Las Fuerzas de Defensa israelíes confirmaron que el cuerpo entregado por la organización terrorista, Hamas, no corresponde a la rehén, Shiri Bibas. Según el Gobierno de Israel, los restos no coinciden con ningún otro secuestrado, si no que se trata de una persona anónima sin identificación. Tras el ofensivo episodio, las autoridades exigieron la inmediata devolución del cuerpo. Además, acusaron al grupo terrorista de engaño y de violar la tregua pactada para el intercambio de rehenes por prisioneros palestinos.

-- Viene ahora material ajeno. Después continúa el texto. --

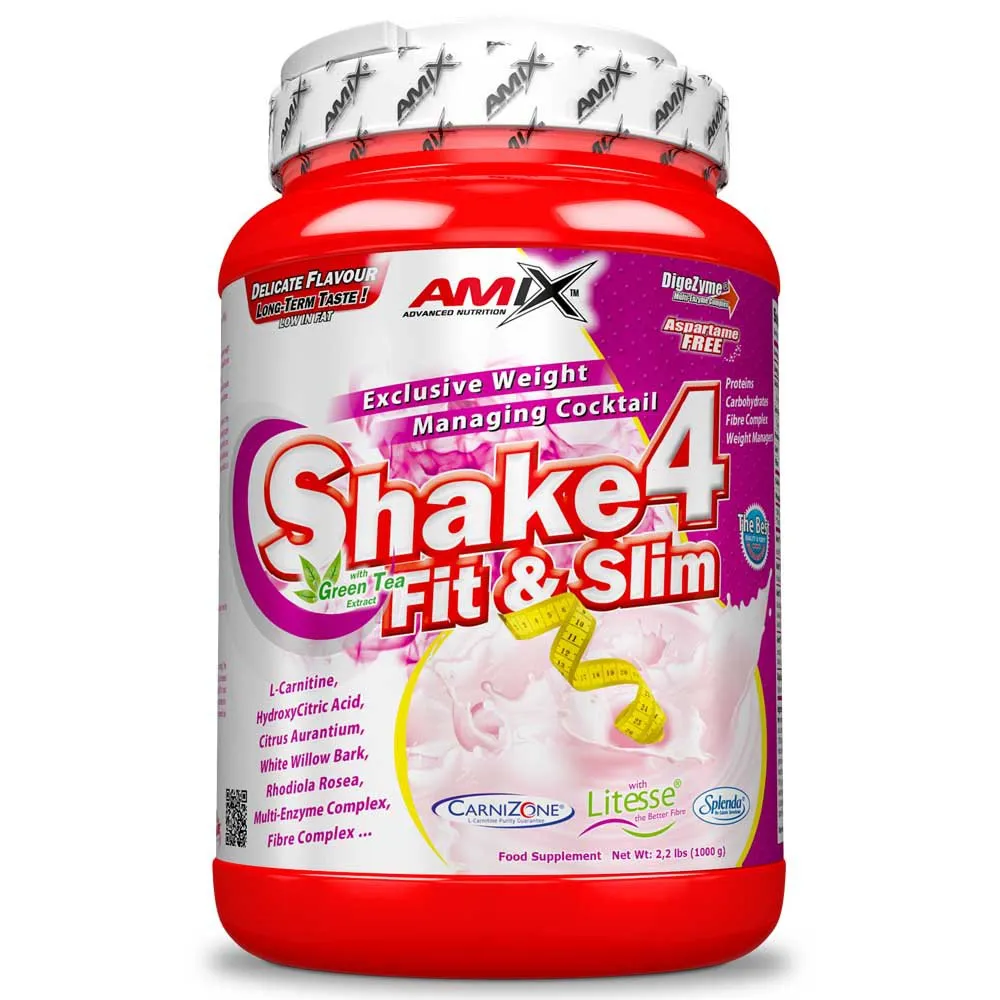 Amix Shake 4 Fit & Slim Gewichtsmanagement Erdbeere 1kg, One size Amix Shake 4 Fit & Slim Gewichtsmanagement Erdbeere 1kg, One size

Según las autoridades israelíes, “el cuerpo adicional no es el de su madre, Shiri, ni el de ningún otro rehén israelí”, por lo que denunciaron la violación fragante al acuerdo de tregua entre ambas partes. “Pedimos a Hamas que devuelva a Shiri Bibas, así como a todas las personas secuestradas”, afirmó el portavoz del ejército israelí, Avichay Adraee.

«Asesinados en cautiverio»

Por otro lado, se identificó los cuerpos de los hijos de Bibas, Ariel y Kfir, que fueron entregados este jueves por Hamas al Comité Internacional de la Cruz Roja en el sur de Gaza. Las autoridades israelíes acusaron a Hamas de haber asesinado a los niños mientras estaban en cautiverio en Gaza en noviembre de 2023. “Según la evaluación de las autoridades competentes y en base a las informaciones disponibles y a los indicadores de diagnóstico, Ariel y Kfir Bibas fueron brutalmente asesinados en cautividad por terroristas palestinos”, indicó Adraee. “Compartimos el profundo dolor de la familia Bibas en este momento tan difícil y continuaremos haciendo todos los esfuerzos para devolver a Shiri y a todos los secuestrados lo antes posible”, señala el texto.

Trato degradante

Ayer, durante la entrega de los restos, el grupo terrorista realizó un macabro acto de propaganda del régimen en donde expuso los féretros junto a imágenes y pancartas ultrajantes. De este abominable evento participaron miles de milicianos armados quienes responsabilizaron a Israel por la muerte de la familia. Tanto Israel como la ONU y el Comité Internacional de la Cruz Roja (CICR) resaltaron la crueldad de este acto. La CICR reiteró su petición de que la entrega de rehenes y cuerpos se haga con privacidad y dignidad. “Debemos ser claros: cualquier trato degradante durante las operaciones de liberación es inaceptable”, advirtieron.